| DESCRIPTION OF THE TASK |
Print all of the data exactly, but drop the pictures.

| DATA SHOWN |
=== Begin Enclosure ===
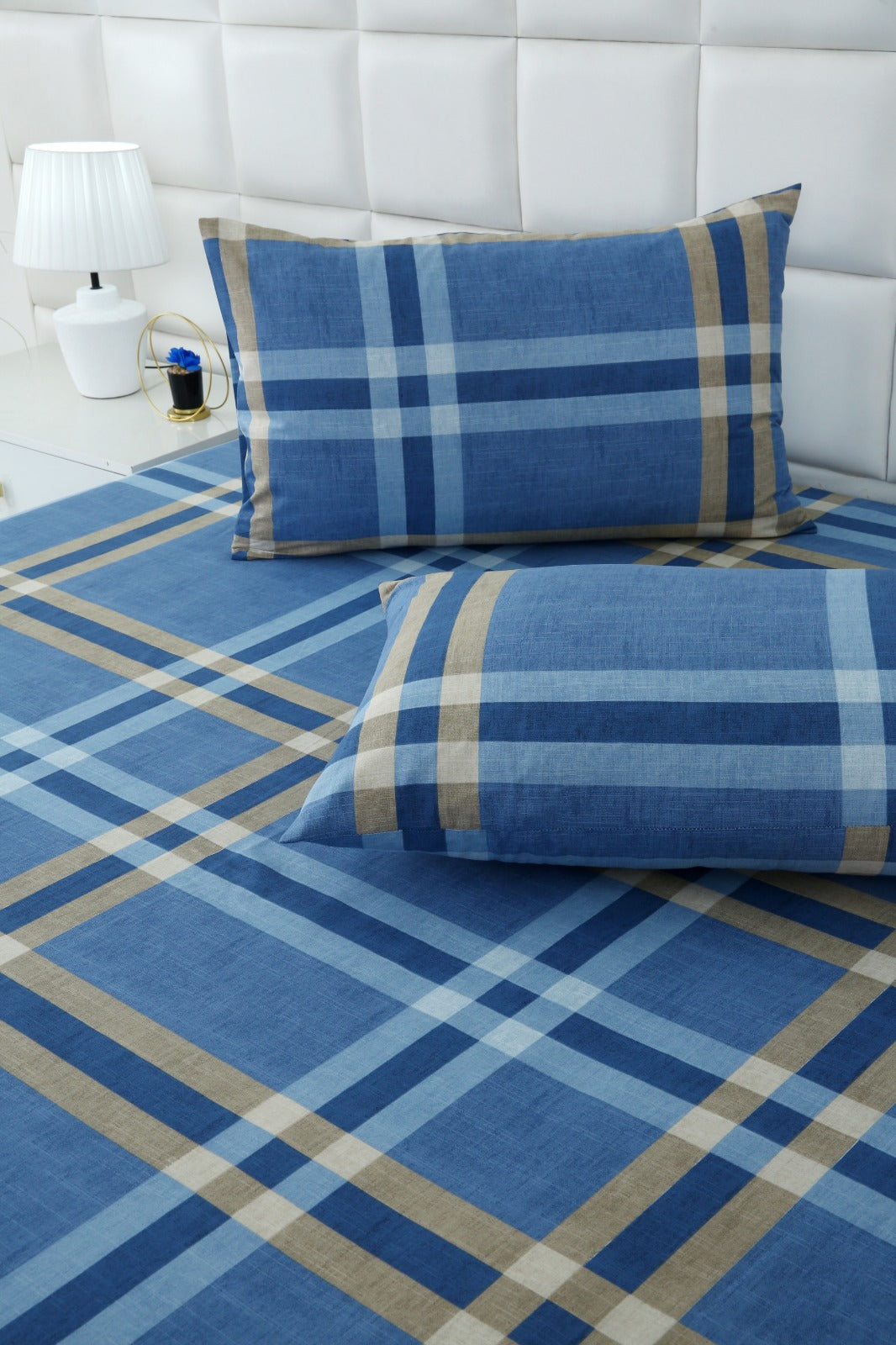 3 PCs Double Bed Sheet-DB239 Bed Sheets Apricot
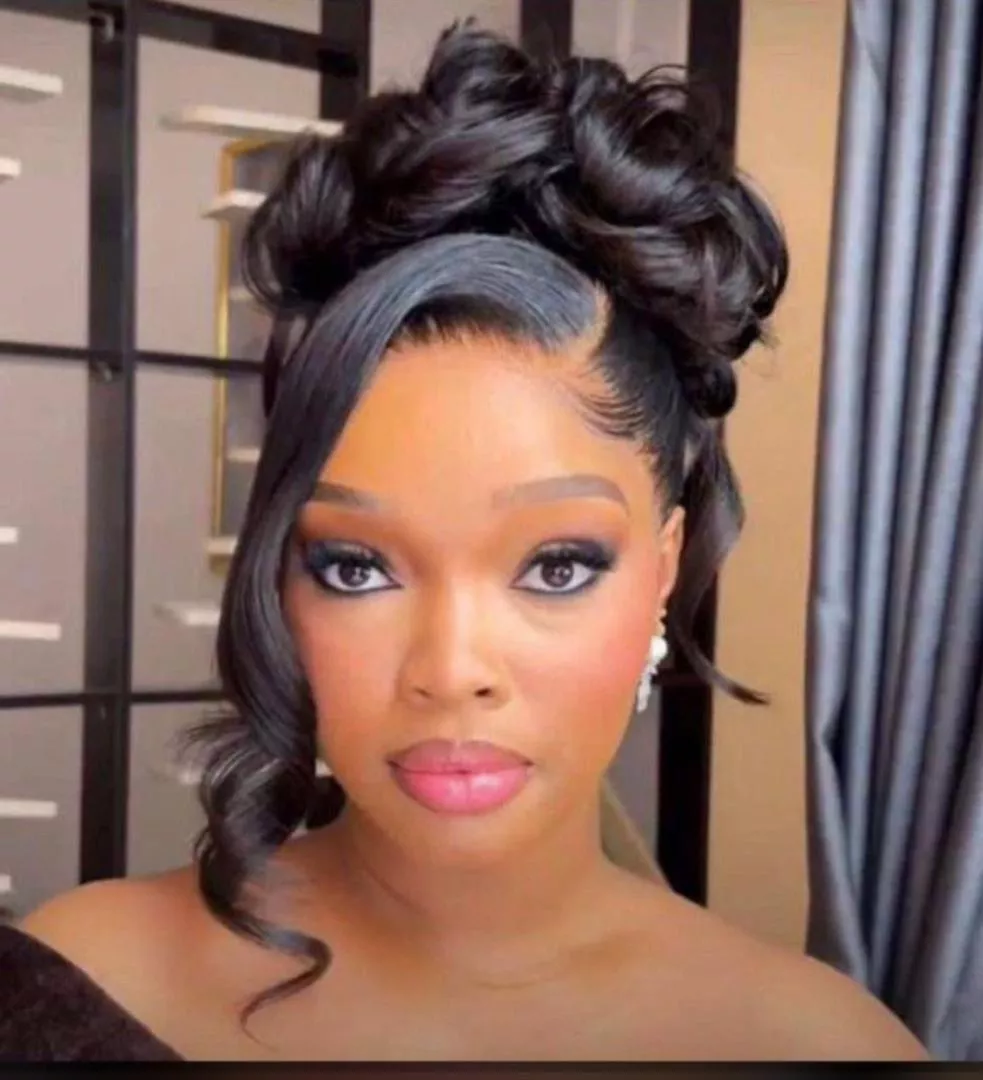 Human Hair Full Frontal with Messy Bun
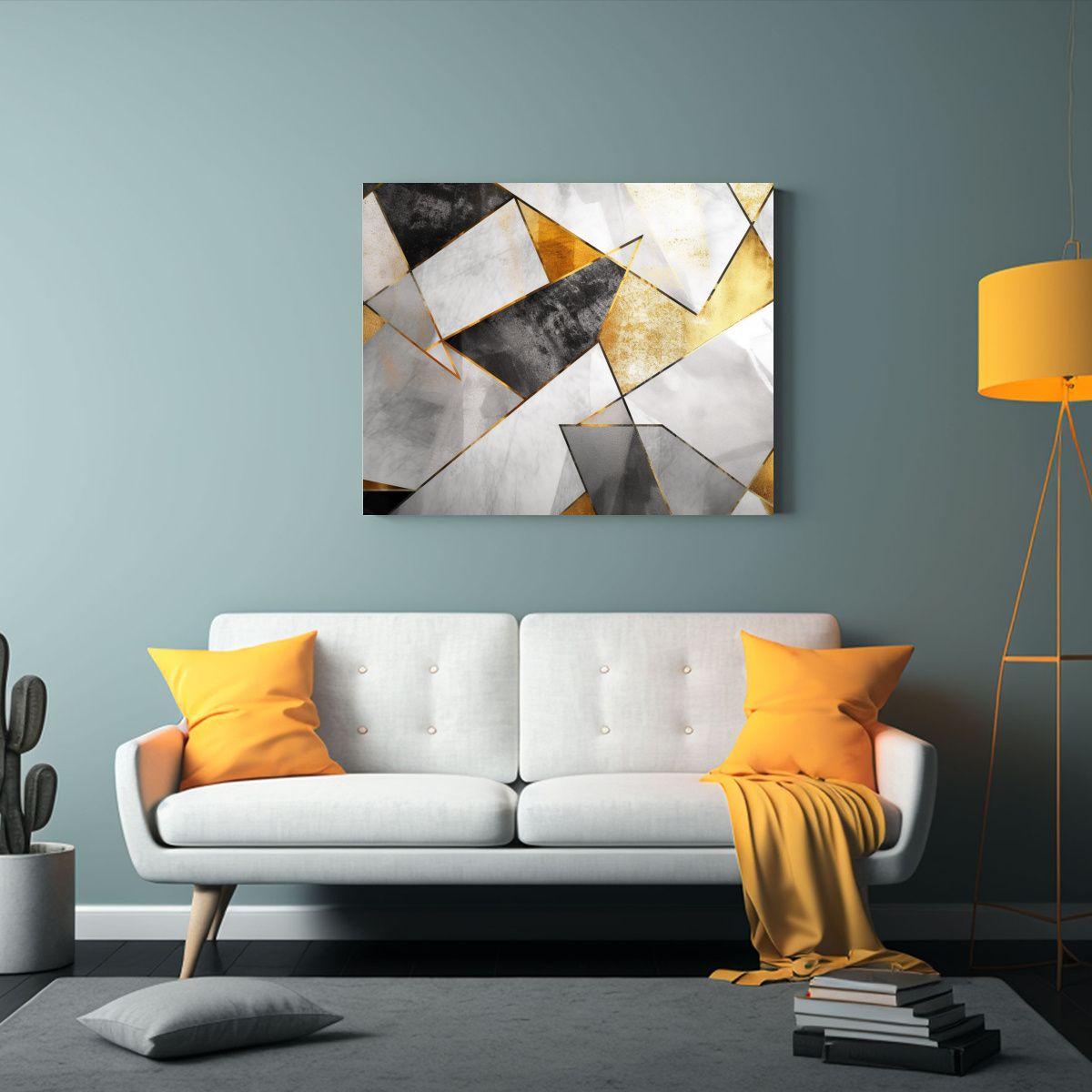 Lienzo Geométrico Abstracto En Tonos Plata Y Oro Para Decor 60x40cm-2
=== End Enclosure ===
| TASK RESPONSE |
 3 PCs Double Bed Sheet-DB239 Bed Sheets Apricot
 Human Hair Full Frontal with Messy Bun
 Lienzo Geométrico Abstracto En Tonos Plata Y Oro Para Decor 60x40cm-2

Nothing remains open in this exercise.